Cottingley Fairies

Cottingley Fairies : a scandal involving fabricated photographs of fairies that fooled many, including the eminent Sir Arthur Conan Doyle. The photographs, created by children, were so amateurish it is hard to believe that anyone might take them for real. Doyle, a supporter of Spiritualism, tended toward credulity when it came to evidence of spirits, ghosts and Survival After Death.

Fairy lore had interested Doyle all his life. In 1920, he was excited to receive a letter from a spiritualist friend, Felicia Scatcherd, informing him that the existence of fairies had been proven with photographs taken in Yorkshire, England. Doyle asked a theosophist friend, Edward L. Gardner, to investigate. Gardner examined the photographs, which showed diminutive female figures dressed fashionably in Paris gowns with transparent wings and the traditional double pipe of elves.

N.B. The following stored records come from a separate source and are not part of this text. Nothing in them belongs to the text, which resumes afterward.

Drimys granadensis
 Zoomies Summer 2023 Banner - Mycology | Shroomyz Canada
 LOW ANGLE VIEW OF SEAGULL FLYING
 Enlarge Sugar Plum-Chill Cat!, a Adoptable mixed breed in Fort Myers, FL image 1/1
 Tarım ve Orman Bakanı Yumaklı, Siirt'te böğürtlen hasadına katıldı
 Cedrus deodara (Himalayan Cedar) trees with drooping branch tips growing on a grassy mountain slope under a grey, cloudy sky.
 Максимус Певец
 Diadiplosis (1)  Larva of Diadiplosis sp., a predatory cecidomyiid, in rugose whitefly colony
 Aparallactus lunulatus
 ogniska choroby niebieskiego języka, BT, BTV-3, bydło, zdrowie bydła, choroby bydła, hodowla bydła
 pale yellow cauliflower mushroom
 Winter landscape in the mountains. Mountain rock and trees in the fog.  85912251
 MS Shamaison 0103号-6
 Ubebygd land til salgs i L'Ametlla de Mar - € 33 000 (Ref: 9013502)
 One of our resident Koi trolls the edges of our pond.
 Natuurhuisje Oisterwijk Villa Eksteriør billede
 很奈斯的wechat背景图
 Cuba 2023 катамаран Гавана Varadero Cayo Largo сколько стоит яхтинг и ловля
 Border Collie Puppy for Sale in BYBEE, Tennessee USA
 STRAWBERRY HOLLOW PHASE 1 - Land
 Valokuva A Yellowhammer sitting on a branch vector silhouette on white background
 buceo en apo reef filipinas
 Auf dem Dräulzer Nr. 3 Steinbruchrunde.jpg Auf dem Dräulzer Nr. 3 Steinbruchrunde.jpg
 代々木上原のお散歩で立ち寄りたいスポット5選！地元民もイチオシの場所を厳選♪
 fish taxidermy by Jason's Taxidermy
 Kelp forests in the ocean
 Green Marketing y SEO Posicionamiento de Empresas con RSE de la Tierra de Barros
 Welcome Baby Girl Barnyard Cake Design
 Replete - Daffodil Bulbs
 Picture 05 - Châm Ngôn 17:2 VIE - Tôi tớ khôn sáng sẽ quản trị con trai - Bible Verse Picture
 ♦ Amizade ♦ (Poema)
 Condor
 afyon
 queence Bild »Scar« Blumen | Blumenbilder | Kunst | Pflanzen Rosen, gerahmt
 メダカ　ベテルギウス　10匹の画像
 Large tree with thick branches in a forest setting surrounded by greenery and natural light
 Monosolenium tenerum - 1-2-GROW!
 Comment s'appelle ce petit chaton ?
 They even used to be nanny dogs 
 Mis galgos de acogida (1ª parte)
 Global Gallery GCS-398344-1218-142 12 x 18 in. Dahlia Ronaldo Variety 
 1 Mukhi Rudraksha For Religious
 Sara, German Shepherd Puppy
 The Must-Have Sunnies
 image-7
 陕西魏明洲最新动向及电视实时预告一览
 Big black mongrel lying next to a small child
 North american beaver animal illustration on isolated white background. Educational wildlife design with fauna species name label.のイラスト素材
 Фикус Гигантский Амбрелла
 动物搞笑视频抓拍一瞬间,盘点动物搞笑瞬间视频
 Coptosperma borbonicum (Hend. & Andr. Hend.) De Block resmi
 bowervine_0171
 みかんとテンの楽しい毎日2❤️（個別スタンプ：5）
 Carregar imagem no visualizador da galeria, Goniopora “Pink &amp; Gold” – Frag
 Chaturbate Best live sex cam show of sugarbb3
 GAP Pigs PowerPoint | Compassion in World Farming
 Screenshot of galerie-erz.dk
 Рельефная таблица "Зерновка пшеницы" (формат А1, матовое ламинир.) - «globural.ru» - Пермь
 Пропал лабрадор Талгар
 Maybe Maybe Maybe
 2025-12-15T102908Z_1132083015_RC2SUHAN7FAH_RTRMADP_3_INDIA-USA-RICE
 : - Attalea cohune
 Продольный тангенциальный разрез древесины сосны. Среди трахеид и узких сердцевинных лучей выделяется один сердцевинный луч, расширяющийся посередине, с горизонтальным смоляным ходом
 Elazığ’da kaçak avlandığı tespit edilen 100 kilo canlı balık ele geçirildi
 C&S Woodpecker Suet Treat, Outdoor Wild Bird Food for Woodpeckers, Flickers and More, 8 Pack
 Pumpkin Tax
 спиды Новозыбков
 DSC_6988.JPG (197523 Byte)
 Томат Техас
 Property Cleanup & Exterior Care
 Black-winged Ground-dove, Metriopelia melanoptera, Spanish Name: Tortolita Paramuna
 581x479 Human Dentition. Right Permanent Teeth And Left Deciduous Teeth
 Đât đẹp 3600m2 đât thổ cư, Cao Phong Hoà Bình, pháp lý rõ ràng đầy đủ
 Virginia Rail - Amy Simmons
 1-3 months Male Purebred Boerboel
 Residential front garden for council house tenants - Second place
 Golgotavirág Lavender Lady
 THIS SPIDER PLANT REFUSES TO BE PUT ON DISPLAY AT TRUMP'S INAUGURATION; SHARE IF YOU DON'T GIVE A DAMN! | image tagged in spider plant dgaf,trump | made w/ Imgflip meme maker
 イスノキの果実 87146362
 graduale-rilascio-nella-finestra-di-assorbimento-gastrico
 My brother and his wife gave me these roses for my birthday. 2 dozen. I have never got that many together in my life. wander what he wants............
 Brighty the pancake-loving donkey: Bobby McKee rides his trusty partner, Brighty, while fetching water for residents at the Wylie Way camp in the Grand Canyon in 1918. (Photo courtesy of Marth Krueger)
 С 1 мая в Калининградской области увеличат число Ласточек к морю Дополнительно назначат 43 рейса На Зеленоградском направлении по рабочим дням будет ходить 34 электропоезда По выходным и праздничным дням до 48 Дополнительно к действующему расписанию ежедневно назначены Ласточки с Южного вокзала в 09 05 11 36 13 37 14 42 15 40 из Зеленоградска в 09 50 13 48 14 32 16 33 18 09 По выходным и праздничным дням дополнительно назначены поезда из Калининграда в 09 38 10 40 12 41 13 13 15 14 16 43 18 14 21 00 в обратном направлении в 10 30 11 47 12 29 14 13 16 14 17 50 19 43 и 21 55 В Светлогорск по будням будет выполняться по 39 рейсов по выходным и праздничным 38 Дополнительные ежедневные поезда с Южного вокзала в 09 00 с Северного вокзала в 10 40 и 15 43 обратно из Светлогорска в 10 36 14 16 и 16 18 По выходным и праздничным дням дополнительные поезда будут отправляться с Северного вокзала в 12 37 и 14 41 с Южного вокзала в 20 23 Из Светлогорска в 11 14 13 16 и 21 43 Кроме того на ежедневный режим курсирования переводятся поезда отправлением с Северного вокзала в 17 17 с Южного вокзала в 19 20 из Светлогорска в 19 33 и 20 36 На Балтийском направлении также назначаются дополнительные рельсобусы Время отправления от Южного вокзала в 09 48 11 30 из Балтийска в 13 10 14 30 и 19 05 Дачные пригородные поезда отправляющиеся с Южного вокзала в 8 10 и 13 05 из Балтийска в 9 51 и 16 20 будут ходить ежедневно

The photographers were two young girls, Elsie Wright and her cousin Frances Griffiths, who claimed they were able to see the fairies, as well as a gnome who did not want his photograph taken. They said they had taken the photos in July and September of 1917 in the countryside near their Yorkshire village of Cottingley. The bodies of the fairies were white, they said, and the wings were pale green, mauve, and pink.

Though the photographs looked suspiciously faked (they were actually cutouts taken from an illustration in Princess Mary’s Gift Book of 1915), Gardner pronounced them genuine and sent them to Doyle. Doyle asked opinions from the Eastman Company and from Kodak but took Gardner’s word as the truth. He was further swayed by the testimony of his friend Geoffrey Hodson, a clairvoyant, who said he had seen fairies in the Cottingley area. When Elsie and Frances produced three more photographs (shot by themselves with no witnesses), Doyle was elated.

He published an article about the fairies in the Christmas 1920 issue of the Strand Magazine, complete with illustrations. Other fairy-seekers deluged Doyle with “genuine” photographs, but he saw none that had the charm of the Yorkshire sprites. Over and above Doyle’s desire to believe, he refused to consider the possibility that two girls, aged 16 and 10, so innocent in their youth, could hatch professional trickery.

In 1922, Doyle published The Coming of the Fairies containing a full account of the girls’ encounters and including chapters giving other fairy evidence and the theosophic case for fairy sightings. He opined that more authentic fairy sightings would be documented. He then left for Australia on a lecture tour. Upon his return, he found himself the laughingstock of the press on both sides of the Atlantic. The photographs had been widely circulated, examined, and deemed false. Doyle finally admitted that perhaps he was the victim of what might be the greatest hoax in history.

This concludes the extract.